Since the earliest of days, mankind has fed itself on a couple of major food groups - most significantly nuts, seeds, fruits and meat. Whether we were hunting or gathering, we were happy and satisfied with our diet. Our bodies seemingly adjusted to whatever was available at the time, interchanging scarce seasonal products for other options.

Vegan Food Versus 'Extravagant' Diets

Today, our dietary options are slightly more extravagant. Whether we are craving tropical foods in the winter or something Christmassy in June, there will be options on hand. Likewise, we can choose to restrict ourselves to certain foodstuffs only - the dietary equivalent of only eating the blue M&Ms. Whether you are on the Paleo diet or the low-carb diet, we all got our own food quirks. 

Blue M&M's

Is the food industry growing?
Food Industry. The global food and beverage industry is growing at around 5% a year and global expenditure on food products by consumers is expected to reach US$20 trillion by 2030. Key trends for new product development are in health, convenience, naturality and sustainability.

Let’s talk about one of those specific food crazes some pride themselves on. Vegan food, or completely eliminating all and any animal products from our plates. For some, it is a real passion. For others, it is merely another political or economical ploy. 
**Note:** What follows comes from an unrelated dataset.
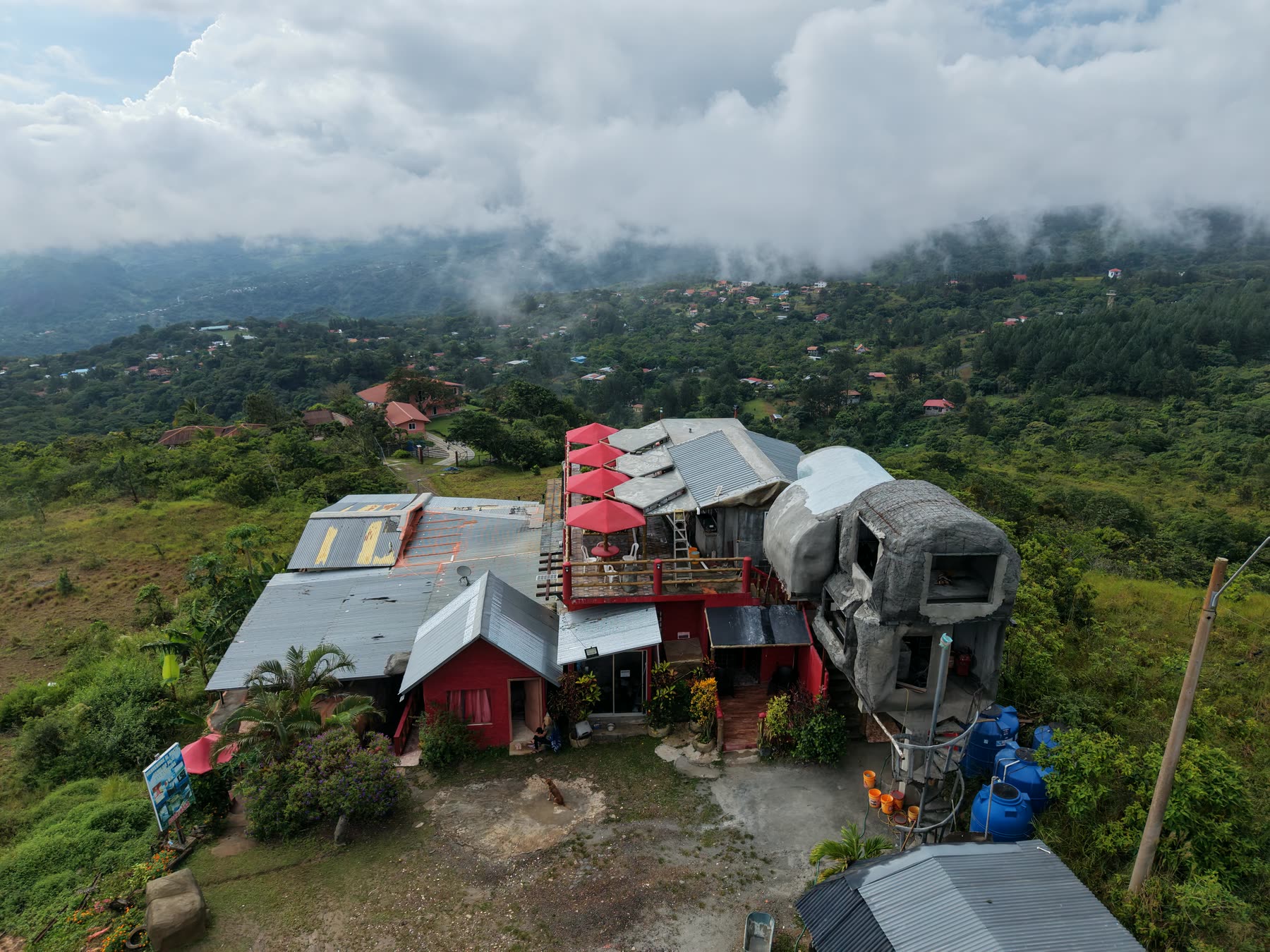 El hostal desde el aire, entre la montaña y la neblina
                                             Vegan Food: About Money And Dairy, Cattle Industry Collapse
                                                                Food and Money A Political Hot Potato

 

Vegan Wars: About Money And Dairy, Cattle Industry Collapse

What are the trends in food service industry?
Here are the top foodservice trends to watch for 2019.
  • Plant-Based Cuisine
  • Beyond Instagram
  • Over the past few years, Instagram and other photo-sharing apps have revolutionized the food industry
  • Cooking with Cannabis
  • Mushroom Mania
  • Alternative Proteins
  • Food Technology
  • Food Waste
  • Big Flavours
  • Traceability
  • Labour-Saving Innovation

Food is an important commodity in the marketplace that we like to call our global economy. It is exactly this importance to our economies that makes it such a political hot potato - pun fully intended. Small agricultural businesses are struggling hard to stay afloat in a sociopolitical landscape that favours the large, industrial farm organisations. 

2 people, lams, cows, grassland

The true craft of agriculture and livestock farming is disappearing and making room for factory-like processes that serve one main goal - to keep costs down. Today, food is mostly created using the cheapest available ingredients, allowing for the fattest bottom line. In order to create most of the stuffs we like to stuff down our throats, manufacturers rely on a wide range of cheap ingredients that are preferably acquired in bulk from big, ‘trustworthy’ producers. 
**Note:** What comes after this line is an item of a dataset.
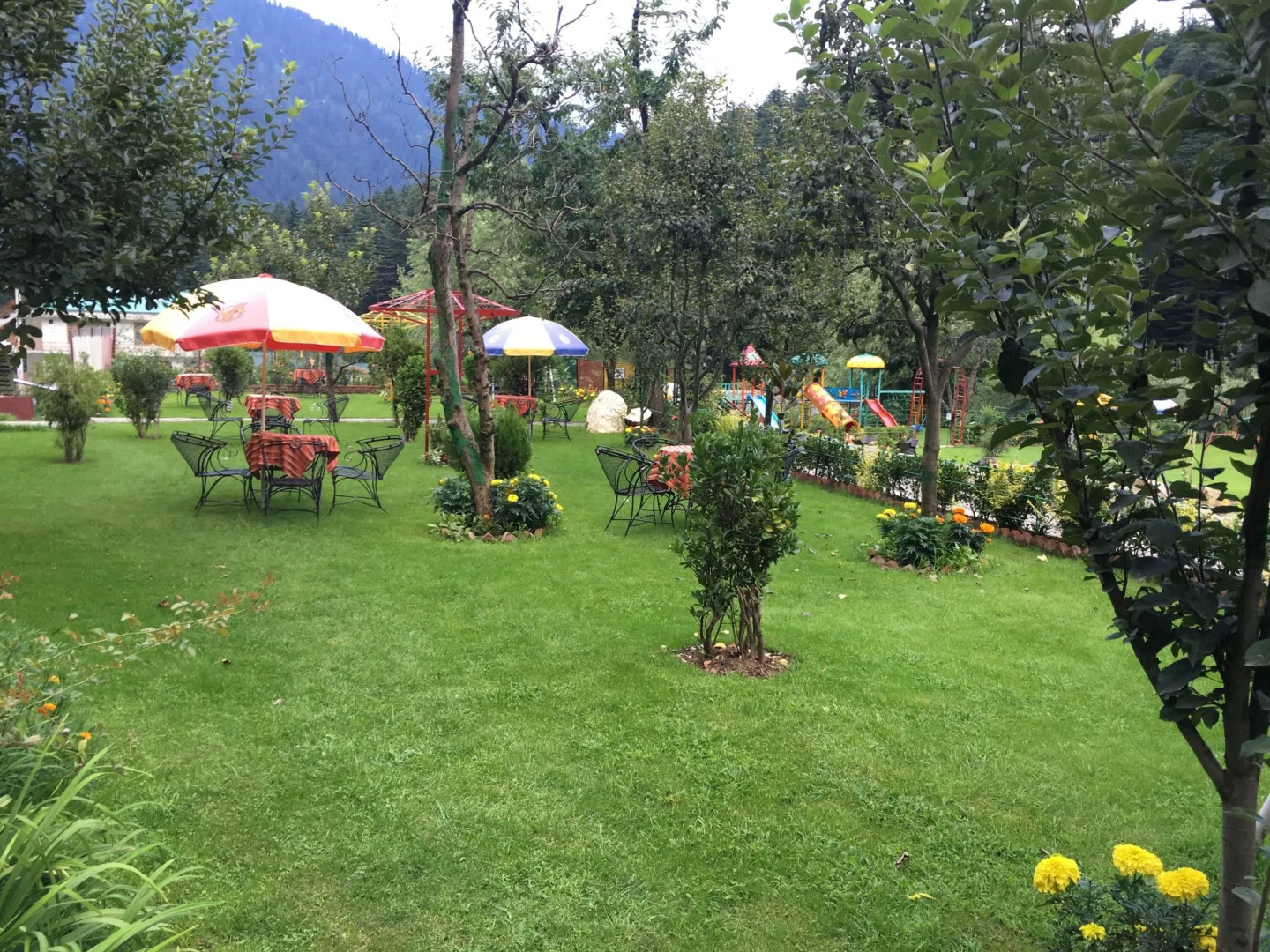 Snow Valley Resorts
In a futuristic sounding twist, some of those producers have even moved beyond ‘traditional’ farming - instead heavily investing in biotech and genetically manipulated food. From so-called ‘fake meats’, including fake dairy and fake eggs, to entirely new products that Mother Nature never would have been able to foster on her own; they are no longer hypothetical but factual.
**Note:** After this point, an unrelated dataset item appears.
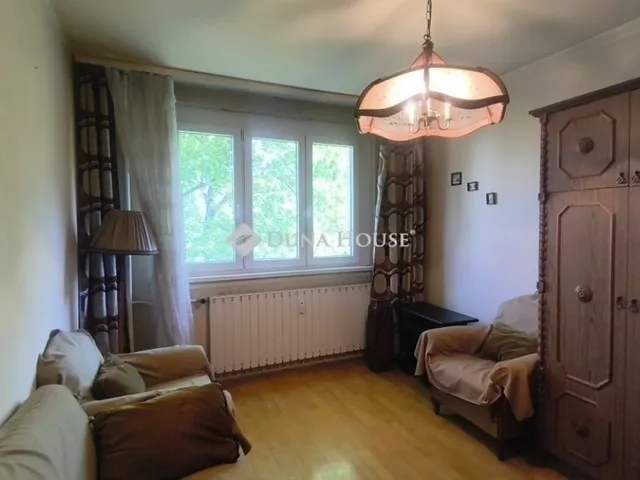 Eladó lakás Budapest III. kerület 66 nm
Recommended: Food Future: Serving Lab-Meat In Restaurants Reality?

This has only added fuel to the fire of vegan enthusiasts, who are now able to replace their favourite animal-based foods with completely acceptable yet similar tasting alternatives. In the past few years, the vegan food market has grown with a staggering 10% annually, a trend that is not expected to slow down anytime soon. Big multinationals and small farm business alike are jumping on the idea of creating fully plant-based produce.

Recommended: Sustainable Food? How Environmental Friendly Is Your Diet?

Some have suggested that this means that we are on the verge of the greatest agricultural shake-up that the world has ever seen; with businesses that previously created animal-based products either being forced to adapt or to get out of business altogether. By 2030, the entire cattle and dairy industry might find itself flat on its behind, losing out fast to companies working on so-called ‘precision fermentation’ - or the production of animal proteins using microbes.

Who profits from veganism?
In January 2018, Ethical Consumer magazine warned its readers about vegan brands owned by meat and dairy parent companies. Alpro, one of the largest vegan milk alternatives, is owned by Danone – a French multinational company with a 24.4 per cent share in the global fresh dairy product market.

Cows black & White

Bad news for cattle farmers, both big and small. Livestock forms the livelihood of many who are able to escape hunger and poverty by tending to their animals. Yet it is also bad news for those living in developing regions, including India and Africa. While us Westerners might in some ways benefit from moving away from animal-based foods, people living in near poverty often rely on it and will not be able to get the same nutritional value from the more expensive alternatives.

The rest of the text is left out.